January 2025
Robust filtering and replacement of missing data to enhance prediction in linear state-space models
Dobrislav Dobrev and Paweł J. Scherzen
Abstract:
By replacing defective measurements with missing values, we can suppress distortions caused by outliers in state-space inference. Therefore, we proposed two complementary methods for enhanced outlier robust filtering and prediction. They are supervised missing data replacement (MD) when the Huber threshold is exceeded and unsupervised missing data replacement with exogenous randomization (RMDX).

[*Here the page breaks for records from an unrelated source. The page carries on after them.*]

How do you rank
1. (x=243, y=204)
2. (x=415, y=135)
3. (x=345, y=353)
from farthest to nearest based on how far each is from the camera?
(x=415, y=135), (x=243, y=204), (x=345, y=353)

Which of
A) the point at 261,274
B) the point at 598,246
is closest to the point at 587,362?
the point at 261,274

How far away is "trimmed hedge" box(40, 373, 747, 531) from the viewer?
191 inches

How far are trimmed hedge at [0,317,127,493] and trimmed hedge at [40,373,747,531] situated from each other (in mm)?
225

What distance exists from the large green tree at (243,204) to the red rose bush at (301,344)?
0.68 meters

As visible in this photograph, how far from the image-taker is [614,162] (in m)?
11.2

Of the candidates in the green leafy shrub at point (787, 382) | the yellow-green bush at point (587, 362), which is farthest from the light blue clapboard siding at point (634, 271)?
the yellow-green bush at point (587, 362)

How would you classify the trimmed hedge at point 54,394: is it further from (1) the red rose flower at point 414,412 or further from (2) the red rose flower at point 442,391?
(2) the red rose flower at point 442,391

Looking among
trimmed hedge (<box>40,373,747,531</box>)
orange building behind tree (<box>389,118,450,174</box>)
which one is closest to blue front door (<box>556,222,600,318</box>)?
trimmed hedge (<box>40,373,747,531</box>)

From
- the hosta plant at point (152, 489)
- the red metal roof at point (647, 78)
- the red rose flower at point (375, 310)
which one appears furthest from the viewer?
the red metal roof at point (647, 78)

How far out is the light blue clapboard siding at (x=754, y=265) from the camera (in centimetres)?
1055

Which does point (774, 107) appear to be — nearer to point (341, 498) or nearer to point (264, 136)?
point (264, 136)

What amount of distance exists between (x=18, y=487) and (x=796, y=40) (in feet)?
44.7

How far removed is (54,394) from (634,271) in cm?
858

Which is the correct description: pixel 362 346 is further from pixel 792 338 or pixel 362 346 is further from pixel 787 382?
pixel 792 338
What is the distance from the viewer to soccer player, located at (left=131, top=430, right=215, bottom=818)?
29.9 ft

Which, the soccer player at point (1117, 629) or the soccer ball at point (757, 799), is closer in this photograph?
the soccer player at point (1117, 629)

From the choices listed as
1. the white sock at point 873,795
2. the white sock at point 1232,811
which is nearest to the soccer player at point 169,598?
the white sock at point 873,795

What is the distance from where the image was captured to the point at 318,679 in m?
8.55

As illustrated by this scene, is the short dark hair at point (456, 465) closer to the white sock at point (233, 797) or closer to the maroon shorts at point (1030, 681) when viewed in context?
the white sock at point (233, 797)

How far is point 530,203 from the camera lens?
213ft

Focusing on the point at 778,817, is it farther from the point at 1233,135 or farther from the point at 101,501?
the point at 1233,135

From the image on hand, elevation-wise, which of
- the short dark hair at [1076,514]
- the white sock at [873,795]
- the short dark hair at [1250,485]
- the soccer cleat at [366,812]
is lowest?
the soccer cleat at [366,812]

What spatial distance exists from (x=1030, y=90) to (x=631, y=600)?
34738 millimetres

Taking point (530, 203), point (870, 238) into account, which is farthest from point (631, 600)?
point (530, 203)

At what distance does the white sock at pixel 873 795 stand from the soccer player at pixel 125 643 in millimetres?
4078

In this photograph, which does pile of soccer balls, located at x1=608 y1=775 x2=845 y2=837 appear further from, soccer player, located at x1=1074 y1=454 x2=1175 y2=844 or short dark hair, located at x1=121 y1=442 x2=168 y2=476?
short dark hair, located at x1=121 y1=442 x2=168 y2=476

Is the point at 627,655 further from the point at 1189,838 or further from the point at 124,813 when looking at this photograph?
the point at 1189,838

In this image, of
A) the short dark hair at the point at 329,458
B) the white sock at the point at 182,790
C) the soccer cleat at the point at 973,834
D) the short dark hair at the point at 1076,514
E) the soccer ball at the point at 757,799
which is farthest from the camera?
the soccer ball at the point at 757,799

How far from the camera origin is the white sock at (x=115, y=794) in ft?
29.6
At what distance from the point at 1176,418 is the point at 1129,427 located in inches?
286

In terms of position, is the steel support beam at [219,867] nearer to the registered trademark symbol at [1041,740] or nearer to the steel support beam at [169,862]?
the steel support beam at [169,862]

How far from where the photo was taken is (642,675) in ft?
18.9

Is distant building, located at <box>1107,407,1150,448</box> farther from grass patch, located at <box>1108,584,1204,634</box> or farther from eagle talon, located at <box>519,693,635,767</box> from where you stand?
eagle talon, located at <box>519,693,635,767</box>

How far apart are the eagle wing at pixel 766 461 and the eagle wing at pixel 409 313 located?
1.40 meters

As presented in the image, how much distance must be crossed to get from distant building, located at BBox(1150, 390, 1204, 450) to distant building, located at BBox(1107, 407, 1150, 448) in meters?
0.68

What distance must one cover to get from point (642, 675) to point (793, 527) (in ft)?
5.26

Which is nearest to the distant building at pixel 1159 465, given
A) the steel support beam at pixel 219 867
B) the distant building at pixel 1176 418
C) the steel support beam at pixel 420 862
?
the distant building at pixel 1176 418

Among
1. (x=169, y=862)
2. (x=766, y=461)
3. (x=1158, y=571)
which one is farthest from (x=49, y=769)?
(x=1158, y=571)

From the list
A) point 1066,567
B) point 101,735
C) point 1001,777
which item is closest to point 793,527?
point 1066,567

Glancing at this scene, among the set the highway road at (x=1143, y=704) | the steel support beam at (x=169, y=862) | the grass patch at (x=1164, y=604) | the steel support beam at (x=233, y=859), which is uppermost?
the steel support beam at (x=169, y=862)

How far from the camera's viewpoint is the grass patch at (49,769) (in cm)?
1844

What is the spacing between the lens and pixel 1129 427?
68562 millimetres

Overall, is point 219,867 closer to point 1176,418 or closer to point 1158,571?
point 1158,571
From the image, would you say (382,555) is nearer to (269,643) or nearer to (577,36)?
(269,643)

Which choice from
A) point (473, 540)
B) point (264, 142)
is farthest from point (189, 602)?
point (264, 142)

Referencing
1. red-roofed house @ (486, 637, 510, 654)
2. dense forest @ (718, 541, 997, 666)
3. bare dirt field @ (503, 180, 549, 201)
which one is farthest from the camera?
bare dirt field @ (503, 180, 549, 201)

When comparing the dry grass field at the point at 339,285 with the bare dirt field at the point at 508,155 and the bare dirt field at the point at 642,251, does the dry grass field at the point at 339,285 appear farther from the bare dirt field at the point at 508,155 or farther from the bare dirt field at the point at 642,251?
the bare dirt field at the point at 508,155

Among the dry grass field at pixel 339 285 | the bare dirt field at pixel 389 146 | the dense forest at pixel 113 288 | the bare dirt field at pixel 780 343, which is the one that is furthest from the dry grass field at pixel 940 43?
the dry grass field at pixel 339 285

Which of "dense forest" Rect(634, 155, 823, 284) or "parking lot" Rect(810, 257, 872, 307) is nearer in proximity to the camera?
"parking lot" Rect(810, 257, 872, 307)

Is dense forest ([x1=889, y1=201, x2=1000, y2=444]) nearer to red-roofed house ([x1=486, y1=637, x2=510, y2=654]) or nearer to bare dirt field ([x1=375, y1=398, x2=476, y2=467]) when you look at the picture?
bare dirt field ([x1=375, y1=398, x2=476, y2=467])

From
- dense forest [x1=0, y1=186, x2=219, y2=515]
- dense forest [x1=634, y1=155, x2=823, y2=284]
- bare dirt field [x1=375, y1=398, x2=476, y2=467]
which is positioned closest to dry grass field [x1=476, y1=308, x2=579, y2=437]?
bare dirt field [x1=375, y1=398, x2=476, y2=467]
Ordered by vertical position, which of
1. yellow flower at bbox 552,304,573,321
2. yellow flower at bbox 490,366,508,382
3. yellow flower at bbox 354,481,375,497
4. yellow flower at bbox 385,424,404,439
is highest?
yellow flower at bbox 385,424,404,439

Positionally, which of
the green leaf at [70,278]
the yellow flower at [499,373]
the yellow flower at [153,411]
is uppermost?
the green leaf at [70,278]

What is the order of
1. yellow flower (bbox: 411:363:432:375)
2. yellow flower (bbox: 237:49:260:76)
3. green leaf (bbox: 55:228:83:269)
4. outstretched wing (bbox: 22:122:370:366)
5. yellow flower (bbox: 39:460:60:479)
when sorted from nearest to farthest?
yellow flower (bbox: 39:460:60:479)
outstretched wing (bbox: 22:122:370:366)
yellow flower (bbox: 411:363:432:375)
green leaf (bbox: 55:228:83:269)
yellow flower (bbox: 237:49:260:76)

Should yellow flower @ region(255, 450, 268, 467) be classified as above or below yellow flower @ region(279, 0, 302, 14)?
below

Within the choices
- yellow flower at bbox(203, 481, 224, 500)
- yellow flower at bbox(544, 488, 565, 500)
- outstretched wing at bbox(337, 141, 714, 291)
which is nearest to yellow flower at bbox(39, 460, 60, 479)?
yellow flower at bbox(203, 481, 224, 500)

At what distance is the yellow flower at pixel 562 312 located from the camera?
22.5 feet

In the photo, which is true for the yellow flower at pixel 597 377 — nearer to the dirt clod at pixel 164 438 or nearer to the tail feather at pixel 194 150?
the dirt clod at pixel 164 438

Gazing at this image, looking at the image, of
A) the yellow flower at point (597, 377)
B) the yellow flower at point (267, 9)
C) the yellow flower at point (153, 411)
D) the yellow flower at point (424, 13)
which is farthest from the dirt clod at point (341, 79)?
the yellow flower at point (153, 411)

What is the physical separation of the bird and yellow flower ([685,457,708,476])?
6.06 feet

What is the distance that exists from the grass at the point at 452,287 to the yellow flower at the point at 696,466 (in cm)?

Our supervised method MD outperforms existing Hoover-based linear filters, which are known to lose optimality when outliers of the same sign are clustered in time rather than arriving independently. designed to improve. The unsupervised method RMDX further aims to suppress small outliers whose size may be below the Huber detection threshold. To achieve this objective, RMDX averages filtered or predicted targets based on a measurement series containing a randomly induced subset of missing data with an exogenously set randomization rate. I will. This results in a tradeoff between regularization and bias variance as a function of the missing data randomization rate, which can be optimally set using standard cross-validation techniques.
Through Monte Carlo simulations, we verify that both methods of missing data replacement can significantly improve robust filtering, especially when combined. As further empirical validation, we document consistently attractive performance in linear models for predicting inflation trends where measurement outliers tend to cluster.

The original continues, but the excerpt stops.